В осколках тумана - [42]

Шрифт
Интервал

— Детям нужна стабильность. В последнее время я слишком часто подкидывала их то Надин, то друзьям, учитель Алекса пожаловался, что у него проблемы с поведением. На Алекса это совсем не похоже.

Мы дружно вздыхаем.

— А что будет с Бренной и Грэдином?

Это не его забота, но я знаю, что Марри не все равно. Я обзвонила друзей в надежде, что кто-то заберет подростков к себе хотя бы на несколько дней, но пока никто не согласился.

— Надо сообщить в службу опеки. Им подыщут другую семью. — Меня послушать, так это не дети, а бездомные котята. — И ума не приложу, как быть с мамиными животными. — Я ищу причины, чтобы остаться, хотя детям пора возвращаться к обычной жизни. — Господи, как я хочу, чтобы все опять стало как раньше.

Мы молчим, понимая, что это невозможно.

Я деловито убираю на кухне, складывая в стопки тарелки, со стуком сгребая столовые приборы в рассохшийся ящик.
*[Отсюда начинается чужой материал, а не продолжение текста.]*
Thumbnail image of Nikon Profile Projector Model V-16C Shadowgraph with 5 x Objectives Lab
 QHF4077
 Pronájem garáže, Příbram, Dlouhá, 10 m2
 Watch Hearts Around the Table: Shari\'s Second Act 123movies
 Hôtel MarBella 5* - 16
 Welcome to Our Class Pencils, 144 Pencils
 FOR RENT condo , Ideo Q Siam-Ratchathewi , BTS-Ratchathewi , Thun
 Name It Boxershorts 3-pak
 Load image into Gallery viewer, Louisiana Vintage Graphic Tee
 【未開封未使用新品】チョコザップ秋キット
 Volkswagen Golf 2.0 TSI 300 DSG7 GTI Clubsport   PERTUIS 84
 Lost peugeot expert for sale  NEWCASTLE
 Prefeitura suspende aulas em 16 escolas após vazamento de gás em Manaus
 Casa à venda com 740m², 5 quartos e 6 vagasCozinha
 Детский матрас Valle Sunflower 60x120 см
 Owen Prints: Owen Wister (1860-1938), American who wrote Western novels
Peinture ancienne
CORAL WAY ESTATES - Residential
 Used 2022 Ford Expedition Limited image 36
Я цепляюсь за осколки нормальной жизни — ради мамы, Алекса и Флоры, ради Дэвида, — хотя я давно уже разжала пальцы, стискивающие разбитые черепки моей собственной.

Все это в прошлом. И мы с Марри неуклюже топчемся в тени общих воспоминаний, выжидая, когда другой уйдет из комнаты, думая о том, кто выключит свет, проверит, закрыты ли двери, погасит тлеющие угли. Привычные вечерние ритуалы. Я хватаю Марри за руку. Он испуганно дергается.

— Что? — Его рука — сгусток неуверенности — напряжена. Марри не может решить, отступить назад или обнять меня. — Что, Джулия?

— Ничего, — отвечаю я, чувствуя себя очень глупо.

— Ладно.

Напряжение утекает из его пальцев, они нерешительно сплетаются с моими.

— Помнишь, как Алекс сломал руку?

Это какое-то безумие. Мы стоим у кухонной двери. Марри сгорбился под низкой притолокой, а я прижалась спиной к косяку. Он не отпускает мои пальцы.

— Это было ужасно. Худший день в моей жизни. — Мгновение мы вновь переживаем тот случай. — Да, один из худших дней в моей жизни.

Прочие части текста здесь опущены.